◆ **DESCRIPTION OF THE TASK**
Word for word, copy the line containing "Casa · 52m²" and every line after it in the records below, leaving pictures out.

[DATA TO EXAMINE]

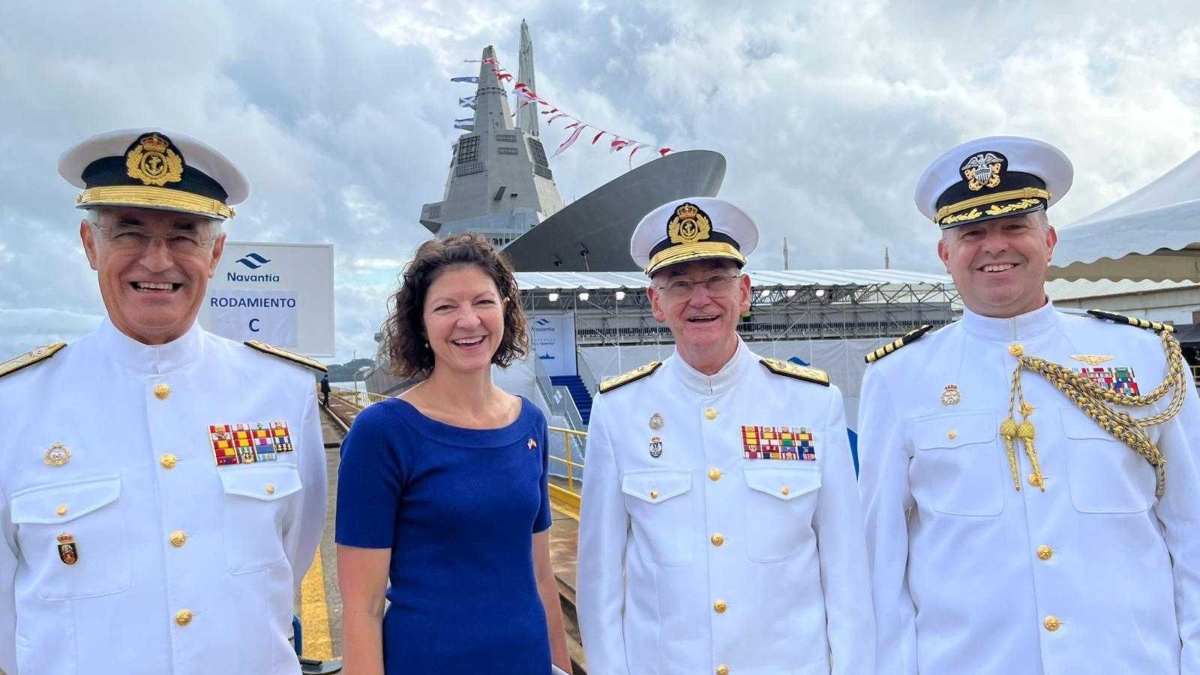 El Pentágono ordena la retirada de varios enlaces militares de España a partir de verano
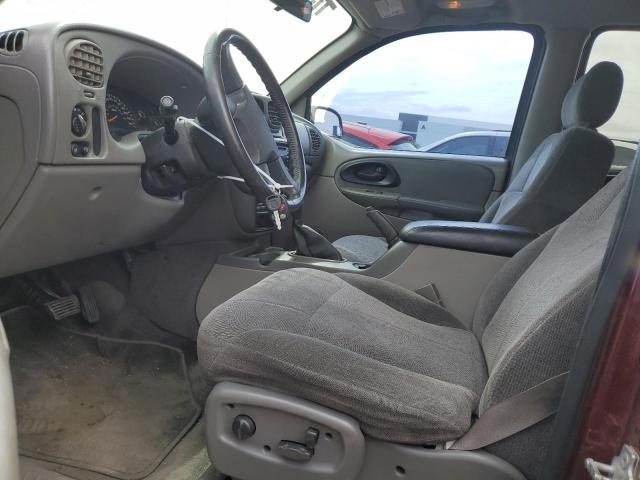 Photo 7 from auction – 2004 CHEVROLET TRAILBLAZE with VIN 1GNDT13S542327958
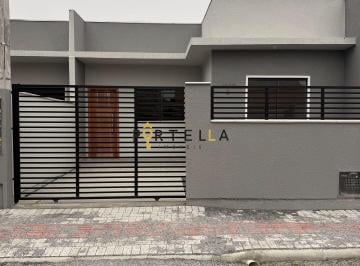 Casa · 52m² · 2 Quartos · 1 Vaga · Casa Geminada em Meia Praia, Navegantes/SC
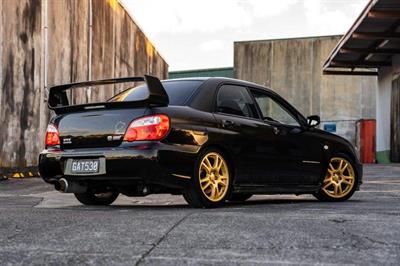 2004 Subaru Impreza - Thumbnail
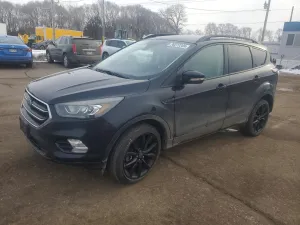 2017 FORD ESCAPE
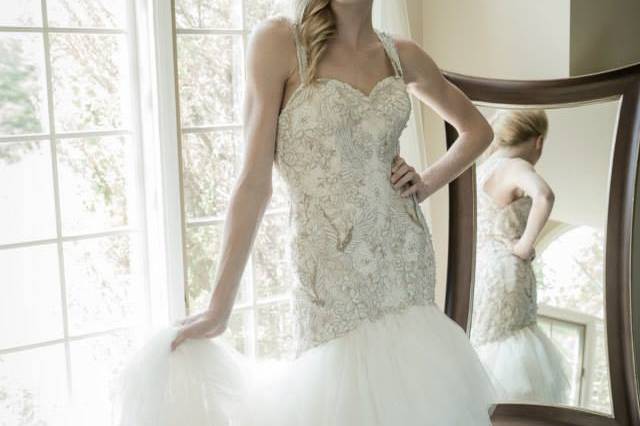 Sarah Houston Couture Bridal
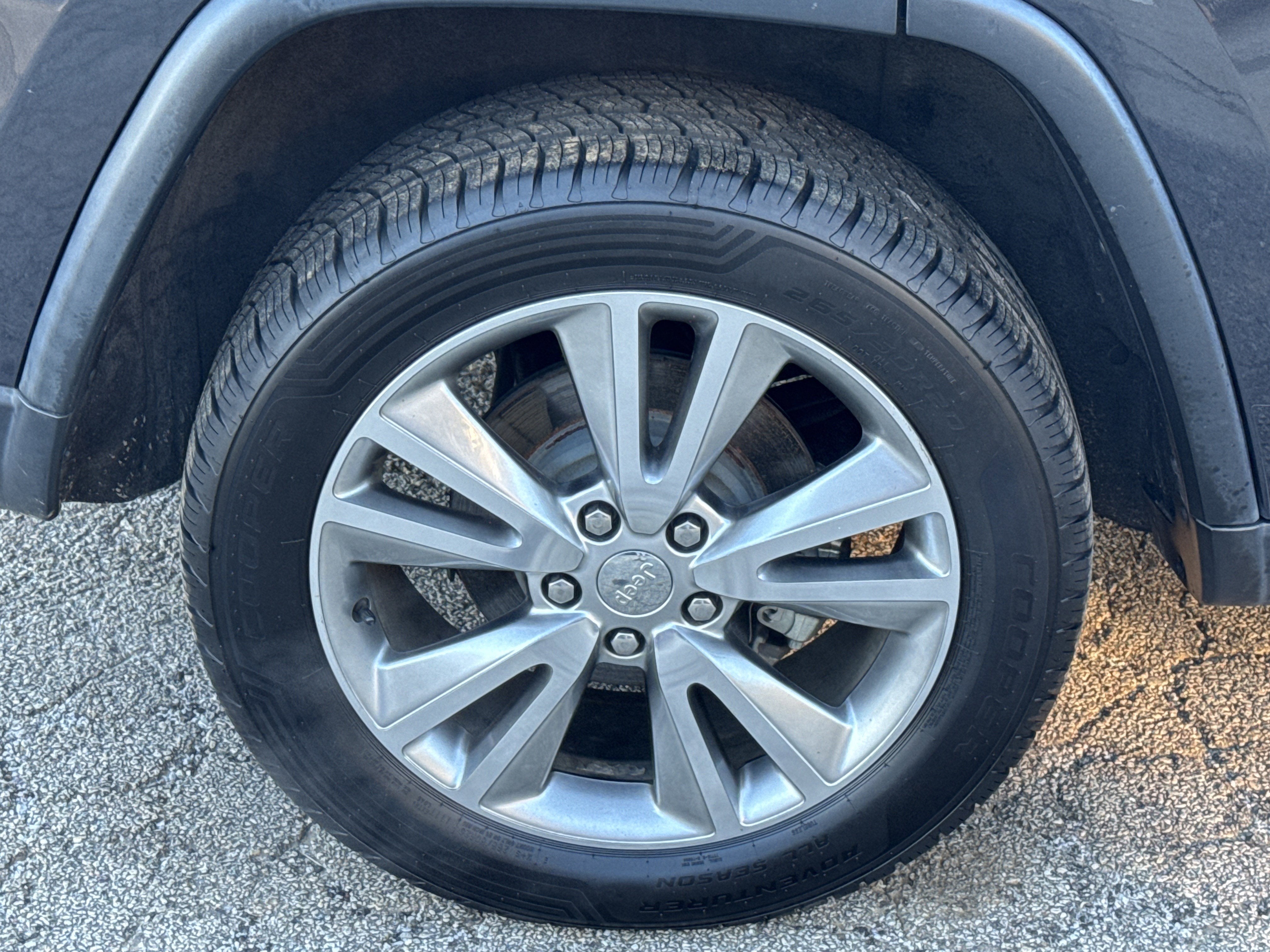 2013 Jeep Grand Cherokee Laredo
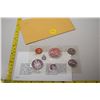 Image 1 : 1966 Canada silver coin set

[/DATA TO EXAMINE]

◆ **REPLY**
 Casa · 52m² · 2 Quartos · 1 Vaga · Casa Geminada em Meia Praia, Navegantes/SC
 2004 Subaru Impreza - Thumbnail
 2017 FORD ESCAPE
 Sarah Houston Couture Bridal
 2013 Jeep Grand Cherokee Laredo
 Image 1 : 1966 Canada silver coin set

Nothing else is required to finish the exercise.